For different seasons, the MFF-SEM model exhibits stable generalization performance in spring, summer, and winter. However, all models perform poorly in autumn, which may be related to uncertain factors affecting methane emissions during this season. For example, autumn is accompanied by changes in agricultural activities, such as harvesting and straw burning, which increase methane emissions. The influence of these uncertainty factors reduces model performance.
Figure 10 shows the comparison between predicted and actual values of the MFF-SEM model for all four seasons, where Figure 10a represents actual values and Figure 10b represents predicted values.
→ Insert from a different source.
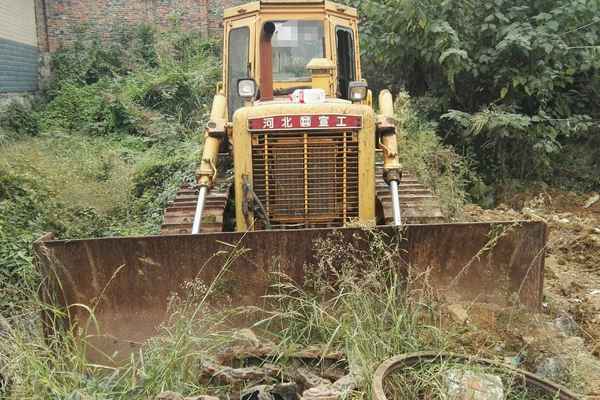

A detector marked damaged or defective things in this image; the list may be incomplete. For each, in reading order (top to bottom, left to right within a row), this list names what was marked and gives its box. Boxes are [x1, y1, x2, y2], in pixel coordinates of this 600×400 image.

rusty steel blade [35, 222, 548, 362]
rusty metal debris [372, 352, 580, 398]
As shown in Figure 9, overall, the MFF-SEM model achieves satisfactory inversion results across spring, summer, autumn, and winter seasons. In spring, due to the influence of anomalous values, the model fails to fully capture the actual changes in methane concentrations, leading to overestimation by the MFF-SEM model. For other seasons, predicted methane concentrations are generally lower than actual values, primarily due to imbalanced sample distribution, where samples with high concentrations are relatively few, preventing the model from fully learning data characteristics and hidden associations.

4. Conclusions

To address the issues of single-feature selection and low accuracy in methane concentration inversion, this study proposes a methane concentration inversion method based on multi-feature fusion and the Stacking ensemble model (MFF-SEM). The method combines TROPOMI observation data with meteorological data, auxiliary data, and geographical coordinates. The research conducts experiments in the eastern region of Xinjiang. The experimental findings show that the proposed approach performs better overall compared to other common methane concentration inversion techniques. The following is a summary of the specific conclusions:
(1)
The proposed MFF-SEM ensemble learning model effectively utilizes four base models (XGBoost, RF, LightGBM, and GBDT) and a Lasso meta-model in series-parallel cascade learning to capture different feature representations and pattern expressions from the original data. Through complementary advantages of multiple models, it thoroughly explores the intrinsic associations between multiple features and methane concentrations, achieving the best inversion performance with R2 of 0.9747, RMSE of 2.9294, and MAE of 1.5299.
(2)
SHAP plot analysis reveals that total column water vapor (water_total_column), latitude, and total column ozone (tco3) make significant contributions to the model in methane concentration inversion. Features such as surface pressure (sp) show positive correlations with methane concentration variations, while features like 2 m temperature (t2m) and boundary layer height (blh) exhibit negative correlations with methane concentration changes.
(3)
The mean methane concentrations from June 2019 to May 2020 are higher than those of the previous year, indicating an increasing trend in methane concentrations over the years. Summer methane concentrations are typically higher, primarily due to increased temperatures promoting methane generation and release. The decrease in methane concentrations in early 2020 is mainly attributed to reduced human activities during the pandemic. Overall, methane concentrations exhibit a pattern of higher levels in summer and winter, and lower levels in spring and autumn.
(4)
In terms of extrapolation performance, the proposed MFF-SEM model also outperforms other models. The model achieves its best performance in winter, with an R2 of 0.6401. However, due to the influence of other complex factors, the inversion performance is relatively low in autumn. The overall lower extrapolation performance is primarily related to limited sample size and short time span. Future research will expand the study area and time span and incorporate physical models for in-depth investigation.

Author Contributions

Conceptualization, Y.H. and W.L.; methodology, Y.H. and W.L.; software, W.L.; validation, Y.H. and W.L.; formal analysis, C.Y. and Y.Z.; investigation, Y.Z., C.Y. and W.L.; resources, G.S. and Y.Z.; data curation, G.S., W.L. and Y.Z.; writing—original draft preparation, W.L.; writing—review and editing, Y.H.; visualization, W.L.; supervision, Y.H.; project administration, Y.H.; funding acquisition, Y.H. All authors have read and agreed to the published version of the manuscript.

Funding

This work was supported by the National Natural Science Foundation of China (grant number: 42176175, 42271335).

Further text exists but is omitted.